The limiting factor for an attacker using a quantum computer is the number of qubits they can keep entangled long enough to perform a calculation. The qubits required to crack RSA keys are estimated to be 2•bits while ECC is roughly 6•bits, but RSA keys are generally much longer so they end up taking more qubits; roughly 3x on the low end (2048 vs 224) and 10x on the high end (4096 vs 384) see note.

Here's a heavily simplified table comparing the rough number of qubits required to crack common key lengths:

|           RSA       |           ECC       |
| Key Length | qubits | Key Length | qubits |
|------------|--------|------------|--------|
| 1024       | 2048   | 163        | 1000   |
| 2048       | 4096   | 224        | 1300   |
| 3072       | 6144   | 256        | 1500   |
| 4096       | 8192   | 383        | 2300   |
| 15360      | 30720  | 512        | 3000   |

Over the past 20 years, we haven't figured out how to build a fully-fledged quantum computer with more than a handful of qubits. So to compare how much longer it will take a quantum computer to crack an RSA key compared to an "equivalent" ECC key, we basically have to assume a manufacturer will figure out decoherence in a way that can be scaled up. Then it becomes a question of how quickly that scaling will occur.

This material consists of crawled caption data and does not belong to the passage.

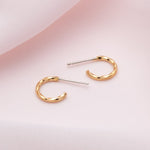 petites créoles en argent sterling - Lidia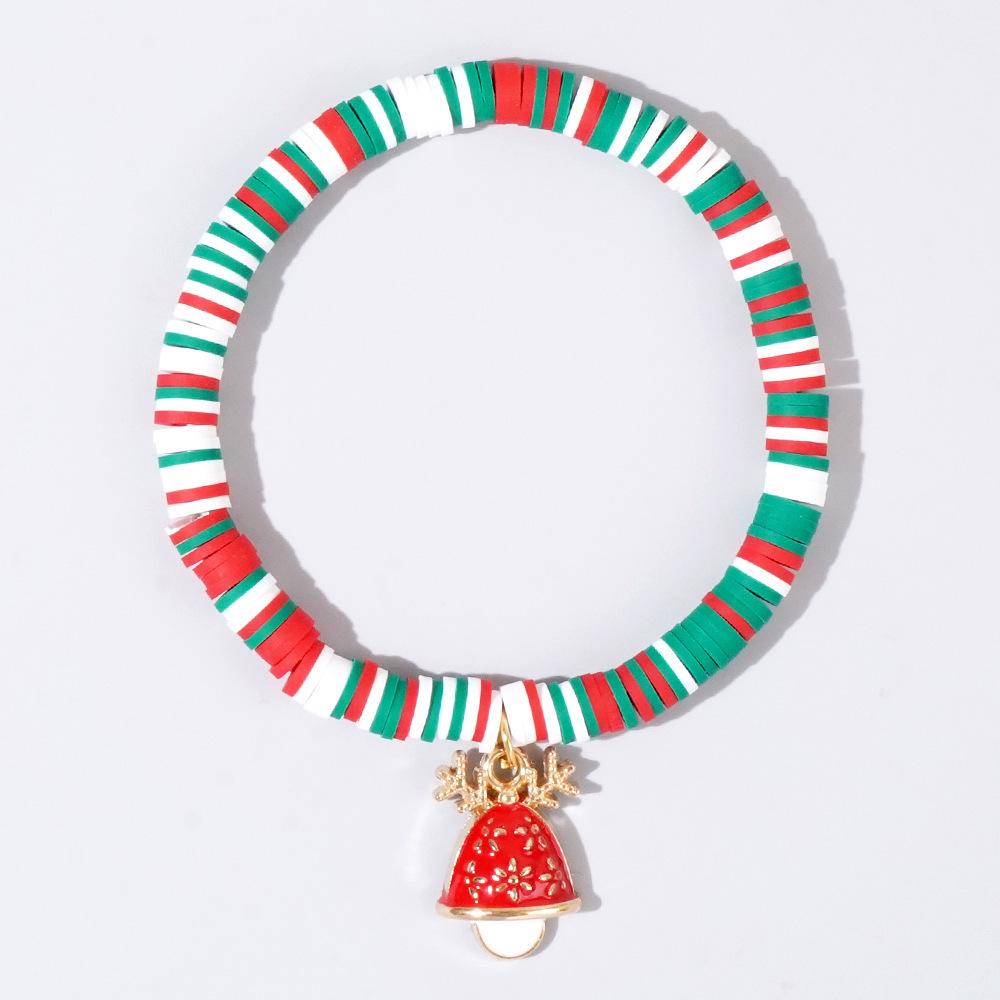 Women's Handmade Colorful Polymer Clay & Copper Bead Bracelet Set - Christmas Gift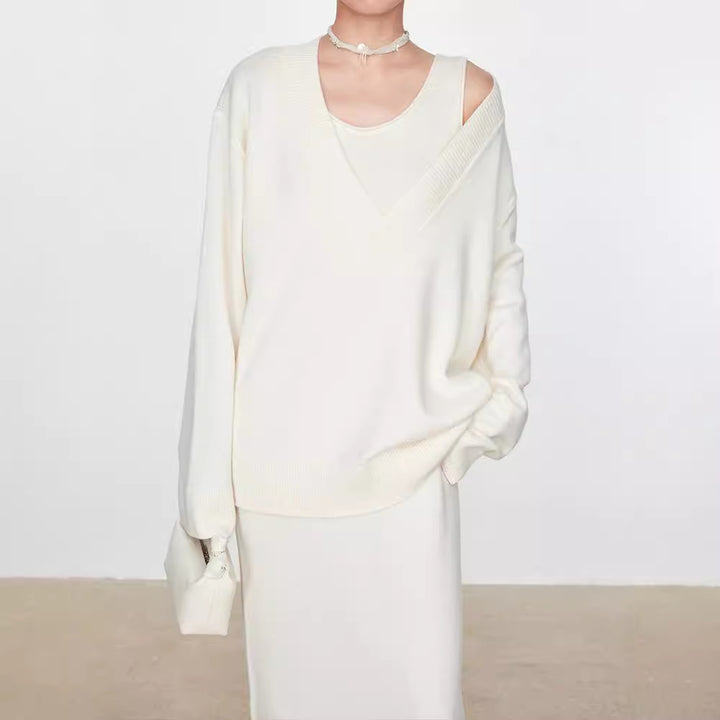 Dame Oversized Pullover lavet af blød uld Stilla
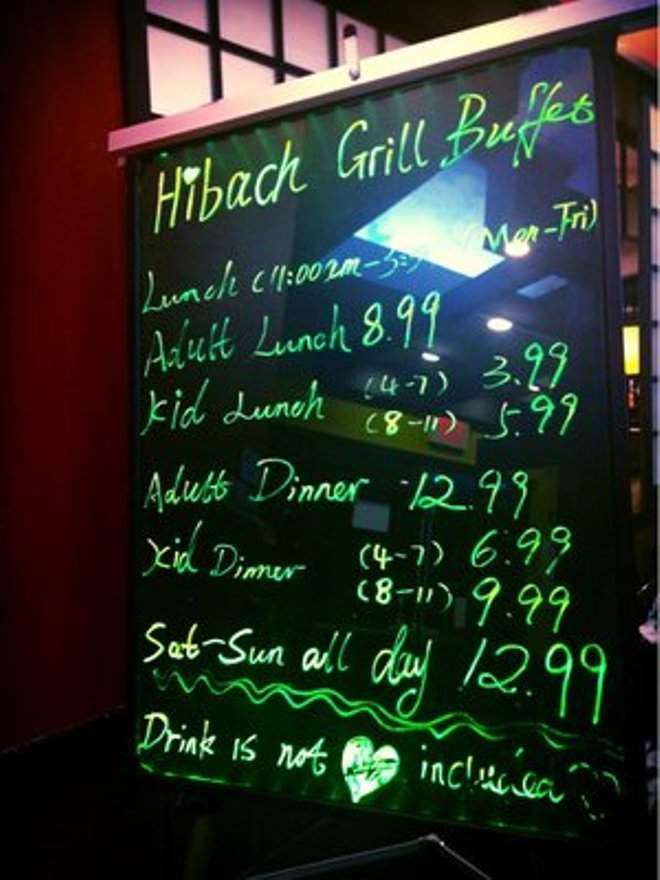 Hibachi Grill Buffet - Pembroke Pines, FL menu_pic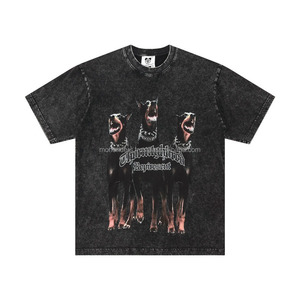 T-shirt Homme Col Rond Manches Courtes 100% Coton Vintage Respirant Coupe Ample Sérigraphié Personnalisé MONO RIDERS 220g pour Haute Performance - Product Image 1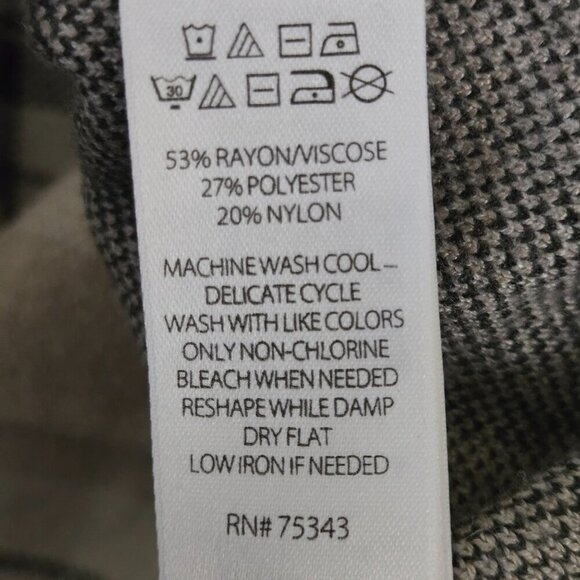 Tahari Neutral Beige Plaid Sweater Blazer Academia Preppy Size S - Picture 5 of 5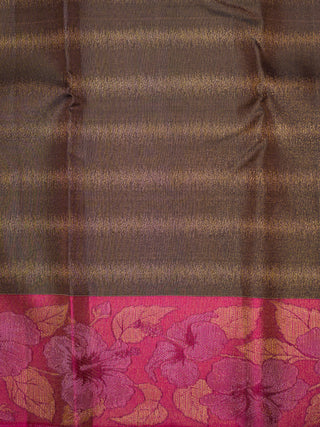 The Korean Hibiscus Kanjeevaram in Deep Forest Brown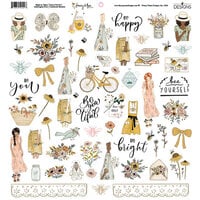 Fancy Pants Designs - Honey and Bee Collection - 12 x 12 Sticker Sheet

Assuming linear rates of growth (with 2048 RSA vs 224 ECC low at the end and 4096 RS vs 384 ECC at the high end) RSA gets a ~5-10 year bonus at 500 qubits/year, ~3-5 years at 1K qubits/year, and ~1.5-3 years at 2K qubits/year.

If we assume exponential rates of growth, once we can crack a 224-bit ECC key (the weakest common ECC key) we are one generation away from cracking a 4096-bit RSA key (the strongest common RSA key). At the pace of Moore's law (~2 years) RSA gets ~2 year bonus. Although DWAVE's adiabatic quantum computer isn't useful for these types of problems, they have been doubling their number of qubits roughly every 4 years.

So the difference is actually relatively small: 2-5 years + time to manufacturing breakthrough.

Note 4096 bit RSA and 383 ECC are not directly comparable in terms of symmetric key strength. 4096 bit RSA key is roughly equivalent to a 142 bit symmetric key whereas a 383 bit ECC key is equivalent to a 192 symmetric key. I compare them directly above because they are the largest commonly supported key sizes.